Comment by Eager - Hacker Neue

Eager Mar 16, 2024 parent

I don't know what they did specifically with GPT-2 as far as tokenization. It is probably hand massaged BPE.

GPT-2 was a pretty small model and it only had to do enough to be impressive at the time in showing some magic.

It doesn't matter of course that the token identifiers fall in any kind of continuous range since the model never sees them, since they are replaced with the embeddings. That said, sometimes I have wondered if it would have been better to force some natural ordering for these things.

The token layout for LLaMA and LLaMA 2 also leaves much to be desired, even GPT-3 and GPT-4 are all over the shop. Gemini is pretty neat from what I have seen of it. As far as I know it mostly deals with digits. Also, the way spaces are dealt with is different. You don't get a bunch of words with hard coded spaces on the front like you do with LLaMA.

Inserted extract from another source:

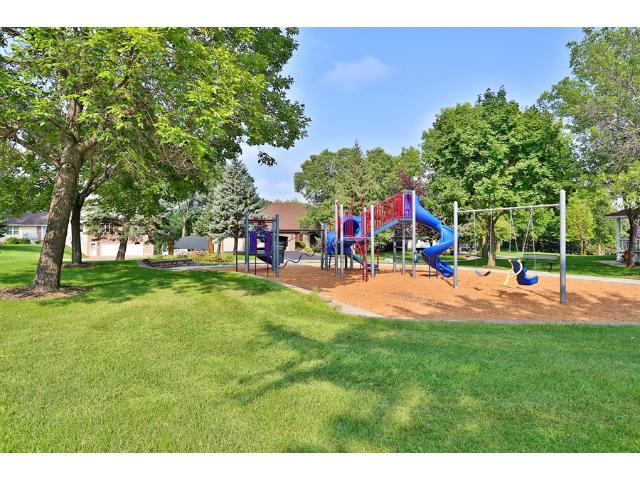207 Sunrise Ln, Champlin, MN 55316 photo 16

It's interesting because there seems to be a trend with these models to head toward almost byte oriented approaches in certain areas of the dictionary.

That would kind of make sense as the models get larger, the tokens don't have to do as much.

I must say that in my own experiments on very small models, you do get an itch to use pretty fat tokens. It looks good when you demo it, that is for sure. But, I think it is much harder for the model because as you noted, it has to create a lot of rules and exceptions internally that more simplistic token schemes would avoid.

Interesting stuff.

This item has no comments currently.